Cross-Domain Policy Optimization via Bellman Consistency and Hybrid Critics¶
Conference: ICLR 2026
arXiv: 2603.12087
Code: https://rl-bandits-lab.github.io/Cross-Domain-RL/
Area: Human Understanding
Keywords: Cross-domain RL, Bellman consistency, Hybrid Critic, Q-function transfer, Negative transfer protection
TL;DR¶
The Q Avatar framework is proposed to quantify source model transferability via cross-domain Bellman consistency. By utilizing an adaptive, hyperparameter-free weighting function to hybridize source and target domain Q-functions, reliable knowledge transfer is achieved in cross-domain RL with different state-action spaces, guaranteeing no negative transfer regardless of source model quality or domain similarity.
Background & Motivation¶
Background¶
Cross-Domain Reinforcement Learning (CDRL) aims to leverage data collected from a source domain to improve learning efficiency in a target domain. In practical scenarios (e.g., between robots with different morphologies), the source and target domains often possess different state and action spaces, making direct transfer impossible.
Key Challenges¶
State-Action Space Inconsistency: Source and target domains may have different dimensions for state and action representations, requiring complex inter-domain mappings.
Unknown Transferability: It is difficult to determine the transfer performance of a source model beforehand. CDRL is prone to negative transfer, where performance after transfer is worse than learning from scratch.
Limitations of Prior Work¶
- Hand-crafted latent space mapping methods (Ammar & Taylor, 2012) lack flexibility.
- Learned inter-domain mappings (Zhang et al., 2021; Gui et al., 2023) are based on dynamic alignment but lack performance guarantees and ignore transferability issues.
- All existing methods assume domains are sufficiently similar and do not address negative transfer protection.
Method¶
Overall Architecture¶
Q Avatar addresses cross-domain transfer where state and action space dimensions differ between the source (e.g., simulator) and target (e.g., real robot). The approach follows a three-step mechanism: "Bridge, Quantify, and Mix." First, it uses normalizing flow-based mappings \(\phi, \psi\) to map target domain state-actions back to the source domain, enabling the source Q-function to be evaluated on target data. Second, it uses the cross-domain Bellman error to quantify the reliability of the transferred Q-function in real-time. Finally, it dynamically weights the source and target critics into a hybrid critic to drive policy updates. The mechanism ensures that the hybrid weight fluctuates automatically with transferability—relying more on the source when it is credible and reverting to target-only learning when it is not—preventing negative transfer even with poor source models or large domain gaps.

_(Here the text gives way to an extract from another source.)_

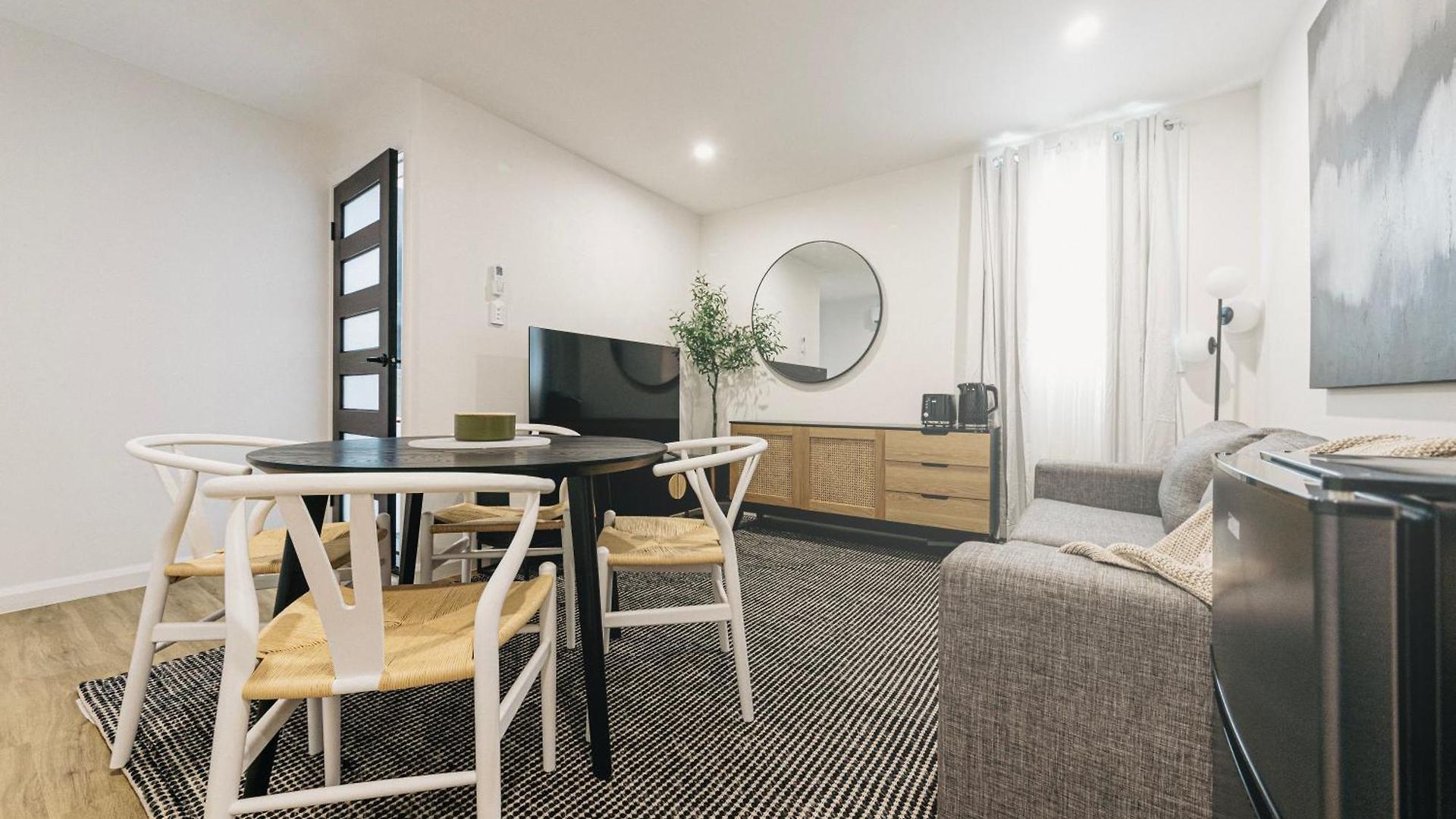 Urban Getaway Bardon Luxe 3 Bed 2 Bath And Pool * Brisbane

%%{init: {'flowchart': {'rankSpacing': 24, 'nodeSpacing': 28, 'padding': 6, 'wrappingWidth': 400}}}%%
flowchart TD
SRC["Source Pre-trained Q-function Q_src"] --> MAP["Normalizing Flow Mapping<br/>φ,ψ: Target (s,a) → Source"]

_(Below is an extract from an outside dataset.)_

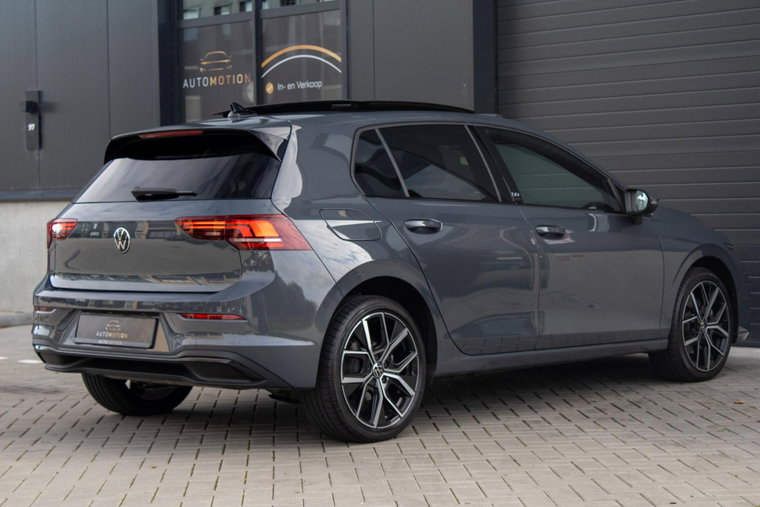 Vehicle Image 40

IN["Target State-Action (s,a)"] --> MAP
MAP --> BELL["Cross-Domain Bellman Consistency<br/>Calc Error ε_cd to Quantify Transferability"]
BELL -->|"Small ε_cd → Large α<br/>Large ε_cd → Small α"| HYB["Q Avatar Hybrid Critic<br/>(1-α) Q_tar + α Q_src"]
TAR["Target Self-learning Critic Q_tar<br/>(TD Error ε_td)"] --> HYB
HYB --> POL["NPG-style Policy Update"]
Key Designs¶
1. Normalizing Flow Inter-domain Mapping: Stable Cross-Domain Correspondence
The first step addresses spatial inconsistency. Since source and target dimensions differ, the source Q-function cannot directly process target \((s,a)\). Q Avatar uses normalizing flows to parameterize mappings \(\phi: \mathcal{S}_{\text{tar}} \to \mathcal{S}_{\text{src}}\) and \(\psi: \mathcal{A}_{\text{tar}} \to \mathcal{A}_{\text{src}}\). The training objective minimizes the cross-domain Bellman loss, making the mapping converge toward making the source Q-function self-consistent in the target domain. Normalizing flows are chosen for their inherent invertibility and training stability, avoiding degenerate solutions common in alignment. This component is modular; the Q Avatar framework is compatible with various mapping methods.
2. Cross-Domain Bellman Consistency: Quantifying Transferability
CDRL's primary difficulty is the inability to judge source knowledge quality beforehand. Q Avatar formalizes "transferability" as a computable metric: the cross-domain Bellman error \(\epsilon_{\text{cd}}(s,a;\phi,\psi,Q_{\text{src}},\pi) = |Q_{\text{src}}(\phi(s),\psi(a)) - r_{\text{tar}}(s,a) - \gamma \mathbb{E}_{s',a'}[Q_{\text{src}}(\phi(s'),\psi(a'))]|\). If the mapped source Q-function satisfies the Bellman equation in the target domain (low error), it is consistent with the target rewards and dynamics and thus reliable. This metric relies solely on data rather than extra environment interaction or human priors.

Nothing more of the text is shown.